Im savy on computers, when its on the computer(scripting/server setup, etc), im at a loss when it comes to modems/harddrives/etc..

I unplugged modem and waited 10 seconds and plugged back in.  I did that several times. Eventually i unplugged and waited 4 mins (read on another forum it makes a difference?). What shud i do? Thank you all

Sorry for any trouble


----------



## Nanobyte (Apr 24, 2011)

Sadly, another example of someone updating for the sake of it.  A working system now defunct.  I've lost count in recent weeks of failed upgrades.  There is always a risk when upgrading - BIOS and firmware are the highest risk.  Drivers less so if the install can be reversed.  Find out the benefits before upgrading.

Anyway, are you back online or not?  If not then you need to do a hard reset.  Somewhere on the router will be a reset switch that you press for a few seconds.  That will restore factory settings.  You then have to go in and reconfigure your network.  Username and password will be default - see manual.  Post back if you need help reconfiguring - post your router make and model with that.  I think it's Netgear that has the update message when you access the router.


----------



## minecraft (Apr 24, 2011)

Sadly, i wasnt thinking too much when i did that.  What u said makes perfect senae.  

Unfortunately,  i was dreading you would say a hard reset.  We have a complicated system at my house (expensive $$$) and it looks like a rat nest from hell.  But i can find my netgear box (with like 4 internet cables) and my modem (with a yellow one and a TV cable o it) . I almost feel it wouldnt be a good idea to hard reset with everything going on in it. (More info later, its Easter )

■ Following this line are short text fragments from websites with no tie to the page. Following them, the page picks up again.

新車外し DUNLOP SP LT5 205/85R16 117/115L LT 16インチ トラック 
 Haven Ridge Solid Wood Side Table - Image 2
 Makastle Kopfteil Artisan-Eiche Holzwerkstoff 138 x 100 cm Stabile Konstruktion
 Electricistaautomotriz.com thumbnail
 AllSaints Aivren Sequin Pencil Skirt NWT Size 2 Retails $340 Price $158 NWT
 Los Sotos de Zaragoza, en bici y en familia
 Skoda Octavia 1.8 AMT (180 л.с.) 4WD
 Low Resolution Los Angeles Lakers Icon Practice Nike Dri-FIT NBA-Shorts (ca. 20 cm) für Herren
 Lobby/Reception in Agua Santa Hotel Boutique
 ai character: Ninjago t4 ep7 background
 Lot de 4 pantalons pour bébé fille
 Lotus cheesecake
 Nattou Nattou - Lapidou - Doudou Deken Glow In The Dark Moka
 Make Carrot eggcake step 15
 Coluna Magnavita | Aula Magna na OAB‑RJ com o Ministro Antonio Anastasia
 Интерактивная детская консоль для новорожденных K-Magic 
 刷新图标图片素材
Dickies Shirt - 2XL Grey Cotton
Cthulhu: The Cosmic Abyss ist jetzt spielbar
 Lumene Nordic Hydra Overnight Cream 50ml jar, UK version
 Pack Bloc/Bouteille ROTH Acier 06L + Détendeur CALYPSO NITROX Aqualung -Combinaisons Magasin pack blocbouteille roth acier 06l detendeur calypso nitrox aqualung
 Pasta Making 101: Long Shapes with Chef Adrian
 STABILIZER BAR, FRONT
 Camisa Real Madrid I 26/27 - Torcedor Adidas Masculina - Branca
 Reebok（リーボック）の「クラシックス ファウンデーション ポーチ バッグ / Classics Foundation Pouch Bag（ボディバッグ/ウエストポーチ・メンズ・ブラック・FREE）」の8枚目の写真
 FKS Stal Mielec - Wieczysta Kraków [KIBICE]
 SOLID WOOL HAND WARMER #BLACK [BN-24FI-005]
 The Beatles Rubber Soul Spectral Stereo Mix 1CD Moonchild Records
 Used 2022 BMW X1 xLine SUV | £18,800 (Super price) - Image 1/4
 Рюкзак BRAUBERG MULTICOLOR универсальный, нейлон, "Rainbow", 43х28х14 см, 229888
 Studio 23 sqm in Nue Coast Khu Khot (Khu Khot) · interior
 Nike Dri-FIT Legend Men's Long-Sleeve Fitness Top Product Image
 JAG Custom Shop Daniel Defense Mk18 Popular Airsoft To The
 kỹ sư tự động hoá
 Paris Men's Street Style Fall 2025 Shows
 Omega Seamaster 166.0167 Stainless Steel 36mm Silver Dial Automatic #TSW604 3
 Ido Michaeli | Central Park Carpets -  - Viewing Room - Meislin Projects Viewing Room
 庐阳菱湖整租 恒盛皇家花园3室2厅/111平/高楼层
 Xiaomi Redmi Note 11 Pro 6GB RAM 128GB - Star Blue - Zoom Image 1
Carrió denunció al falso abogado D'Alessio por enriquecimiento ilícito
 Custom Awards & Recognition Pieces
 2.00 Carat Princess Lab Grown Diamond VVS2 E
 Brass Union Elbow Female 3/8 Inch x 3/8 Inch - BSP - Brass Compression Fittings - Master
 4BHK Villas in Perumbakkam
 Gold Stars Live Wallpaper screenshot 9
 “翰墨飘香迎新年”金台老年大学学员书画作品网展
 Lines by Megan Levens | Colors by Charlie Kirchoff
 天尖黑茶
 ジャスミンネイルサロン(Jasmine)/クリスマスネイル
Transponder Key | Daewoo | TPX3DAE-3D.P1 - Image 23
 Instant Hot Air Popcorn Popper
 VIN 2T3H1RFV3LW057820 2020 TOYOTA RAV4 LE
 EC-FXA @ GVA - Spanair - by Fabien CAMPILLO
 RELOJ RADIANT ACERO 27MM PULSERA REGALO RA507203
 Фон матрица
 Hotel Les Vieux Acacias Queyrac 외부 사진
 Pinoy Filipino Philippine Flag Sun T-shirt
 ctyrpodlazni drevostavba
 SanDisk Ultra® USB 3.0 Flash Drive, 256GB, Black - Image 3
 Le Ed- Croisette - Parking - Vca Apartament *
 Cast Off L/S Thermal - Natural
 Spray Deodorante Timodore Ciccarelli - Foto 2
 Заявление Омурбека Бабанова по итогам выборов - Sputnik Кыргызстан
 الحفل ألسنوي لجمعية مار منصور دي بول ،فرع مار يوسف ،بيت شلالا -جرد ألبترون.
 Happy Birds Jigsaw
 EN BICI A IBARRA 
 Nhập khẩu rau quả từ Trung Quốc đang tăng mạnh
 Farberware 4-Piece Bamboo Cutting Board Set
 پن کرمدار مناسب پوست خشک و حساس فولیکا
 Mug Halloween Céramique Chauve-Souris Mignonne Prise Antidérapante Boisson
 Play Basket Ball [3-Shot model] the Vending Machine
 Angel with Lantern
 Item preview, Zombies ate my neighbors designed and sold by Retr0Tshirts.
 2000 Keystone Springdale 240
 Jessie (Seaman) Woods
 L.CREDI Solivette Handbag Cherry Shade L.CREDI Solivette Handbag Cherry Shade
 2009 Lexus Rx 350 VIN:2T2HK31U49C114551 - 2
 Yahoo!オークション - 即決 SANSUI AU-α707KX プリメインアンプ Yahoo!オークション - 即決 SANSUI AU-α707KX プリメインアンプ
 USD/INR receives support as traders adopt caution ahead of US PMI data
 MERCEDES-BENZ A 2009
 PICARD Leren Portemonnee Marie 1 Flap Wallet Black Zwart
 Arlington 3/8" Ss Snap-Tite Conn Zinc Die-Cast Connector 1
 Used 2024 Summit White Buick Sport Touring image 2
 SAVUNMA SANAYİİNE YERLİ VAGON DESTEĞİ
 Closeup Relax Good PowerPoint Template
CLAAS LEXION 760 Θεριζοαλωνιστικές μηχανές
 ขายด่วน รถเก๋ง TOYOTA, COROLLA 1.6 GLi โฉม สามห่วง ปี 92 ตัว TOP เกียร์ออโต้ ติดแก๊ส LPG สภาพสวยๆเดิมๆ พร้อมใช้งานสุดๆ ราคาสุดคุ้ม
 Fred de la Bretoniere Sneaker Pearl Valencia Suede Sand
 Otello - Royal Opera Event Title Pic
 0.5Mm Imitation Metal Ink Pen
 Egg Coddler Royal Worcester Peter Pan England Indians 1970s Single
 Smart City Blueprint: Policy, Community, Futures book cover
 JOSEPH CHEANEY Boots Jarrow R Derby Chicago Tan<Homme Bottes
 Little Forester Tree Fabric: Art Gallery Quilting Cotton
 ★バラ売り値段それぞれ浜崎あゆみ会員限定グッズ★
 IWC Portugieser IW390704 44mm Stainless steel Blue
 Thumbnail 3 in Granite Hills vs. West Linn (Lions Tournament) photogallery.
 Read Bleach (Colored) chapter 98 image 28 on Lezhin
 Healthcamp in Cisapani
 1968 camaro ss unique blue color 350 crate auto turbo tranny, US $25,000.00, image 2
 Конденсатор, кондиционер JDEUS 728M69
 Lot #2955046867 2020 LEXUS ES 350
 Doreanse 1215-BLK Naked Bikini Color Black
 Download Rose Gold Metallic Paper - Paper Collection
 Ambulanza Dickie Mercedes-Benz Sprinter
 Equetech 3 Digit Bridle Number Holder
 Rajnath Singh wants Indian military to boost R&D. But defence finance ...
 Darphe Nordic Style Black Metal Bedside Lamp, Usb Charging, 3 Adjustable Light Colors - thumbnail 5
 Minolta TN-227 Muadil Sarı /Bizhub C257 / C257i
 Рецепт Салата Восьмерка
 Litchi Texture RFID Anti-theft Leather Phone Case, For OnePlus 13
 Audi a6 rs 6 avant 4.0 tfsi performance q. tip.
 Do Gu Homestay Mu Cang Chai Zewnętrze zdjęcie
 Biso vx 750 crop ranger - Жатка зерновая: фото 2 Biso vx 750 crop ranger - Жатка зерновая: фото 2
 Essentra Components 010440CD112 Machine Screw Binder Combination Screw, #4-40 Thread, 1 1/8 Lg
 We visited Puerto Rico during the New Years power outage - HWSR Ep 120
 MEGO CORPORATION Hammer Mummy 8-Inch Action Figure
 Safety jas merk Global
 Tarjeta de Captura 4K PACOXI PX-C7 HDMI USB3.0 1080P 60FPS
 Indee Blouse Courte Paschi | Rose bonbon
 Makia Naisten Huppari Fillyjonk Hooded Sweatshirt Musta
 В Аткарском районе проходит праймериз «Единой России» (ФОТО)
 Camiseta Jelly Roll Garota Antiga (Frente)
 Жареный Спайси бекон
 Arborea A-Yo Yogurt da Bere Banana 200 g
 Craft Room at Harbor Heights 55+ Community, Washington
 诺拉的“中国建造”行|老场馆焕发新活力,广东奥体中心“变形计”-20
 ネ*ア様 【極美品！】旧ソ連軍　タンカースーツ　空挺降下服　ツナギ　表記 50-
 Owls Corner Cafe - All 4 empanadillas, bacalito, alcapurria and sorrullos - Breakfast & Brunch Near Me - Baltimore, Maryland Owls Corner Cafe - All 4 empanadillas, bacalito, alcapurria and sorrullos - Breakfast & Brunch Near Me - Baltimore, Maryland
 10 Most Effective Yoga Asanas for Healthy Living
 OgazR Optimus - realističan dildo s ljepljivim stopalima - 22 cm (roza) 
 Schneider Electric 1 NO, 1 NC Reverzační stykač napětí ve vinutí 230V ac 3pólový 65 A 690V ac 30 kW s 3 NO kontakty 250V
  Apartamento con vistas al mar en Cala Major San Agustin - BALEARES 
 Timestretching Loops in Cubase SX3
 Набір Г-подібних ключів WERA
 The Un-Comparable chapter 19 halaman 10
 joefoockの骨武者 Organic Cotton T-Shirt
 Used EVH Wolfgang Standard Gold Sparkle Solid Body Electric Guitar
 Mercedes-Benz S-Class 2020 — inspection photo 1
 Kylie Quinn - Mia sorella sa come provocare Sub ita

Anywho, could you explain a hard reset steps? 

Modem:  SB5120 motorola

Netgear box: wnr3500 rangemax?


----------



## johnb35 (Apr 24, 2011)

If you were in the middle of upgrading firmeware for the modem or router and you stopped it, then basically that piece of equipment is dead.  A hard reset won't do anything to make it work. You will need to get a new unit.


----------



## Nanobyte (Apr 24, 2011)

For the effort of pressing a button, it's worth trying the hard reset.  You don't know where the update hung up.

The factory settings restore button is on the back.  You have to reconfigure whatever you do.  If you buy a new router.....  If you were setting up port forwarding you can't be that unknowledgeable.  If you don't have the User Manual for the Netgear you can find one online.

I don't know why Netgear put that update at the start.  In the manual there are dire warnings about not stopping an update.  Those warnings are not in the router dialogs; it looks more like a Windows update.


----------